--- WORK REQUIRED ---
Using the material below, print a verbatim copy of every line from the one containing "فیلم لیفت صورت" through the one containing "Western blot analysis", inclusive, and omit the pictures.

--- INFORMATION SHOWN ---
+ + + + + + +

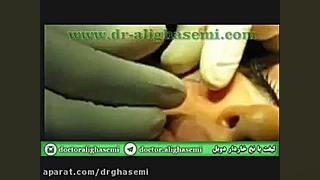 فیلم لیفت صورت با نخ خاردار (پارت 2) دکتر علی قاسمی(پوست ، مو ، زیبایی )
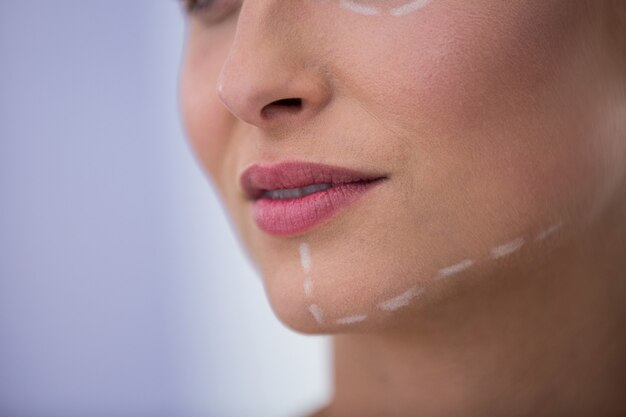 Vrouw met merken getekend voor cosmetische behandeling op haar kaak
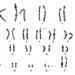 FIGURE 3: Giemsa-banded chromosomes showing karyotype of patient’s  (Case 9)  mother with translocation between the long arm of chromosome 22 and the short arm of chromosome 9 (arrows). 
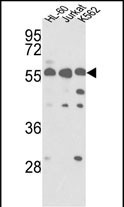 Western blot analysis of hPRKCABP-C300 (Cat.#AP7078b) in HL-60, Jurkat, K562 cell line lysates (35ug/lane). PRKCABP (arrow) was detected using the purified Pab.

+ + + + + + +

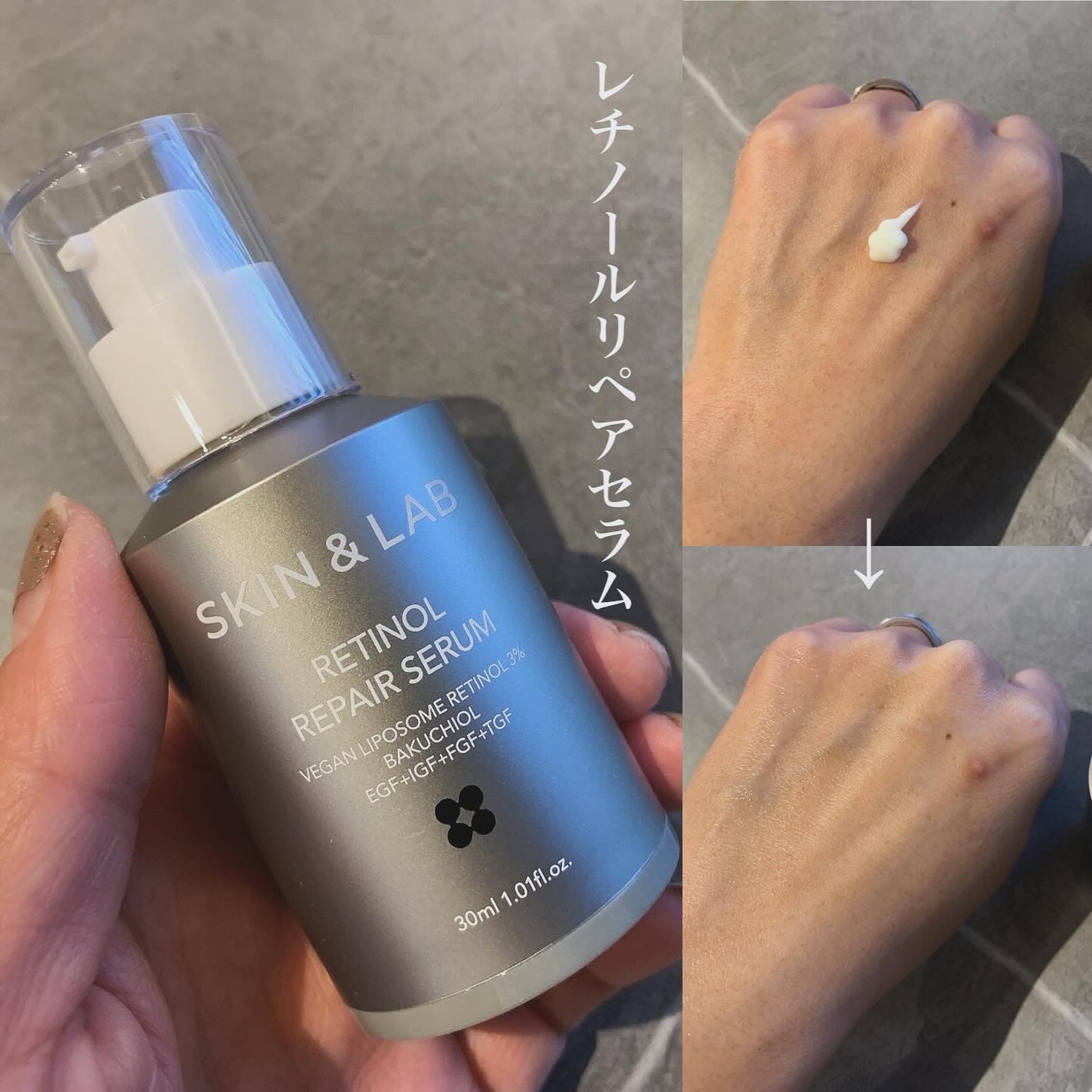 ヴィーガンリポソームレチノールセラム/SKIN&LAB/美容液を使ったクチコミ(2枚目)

+ + + + + + +

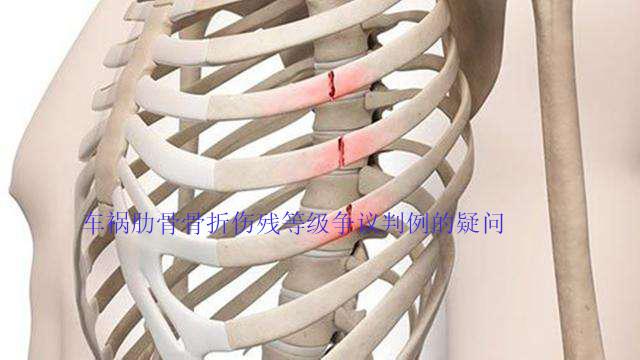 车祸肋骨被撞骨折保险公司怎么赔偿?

+ + + + + + +

--- ANSWER FOR THE TASK ---
 فیلم لیفت صورت با نخ خاردار (پارت 2) دکتر علی قاسمی(پوست ، مو ، زیبایی )
 Vrouw met merken getekend voor cosmetische behandeling op haar kaak
 FIGURE 3: Giemsa-banded chromosomes showing karyotype of patient’s  (Case 9)  mother with translocation between the long arm of chromosome 22 and the short arm of chromosome 9 (arrows). 
 Western blot analysis of hPRKCABP-C300 (Cat.#AP7078b) in HL-60, Jurkat, K562 cell line lysates (35ug/lane). PRKCABP (arrow) was detected using the purified Pab.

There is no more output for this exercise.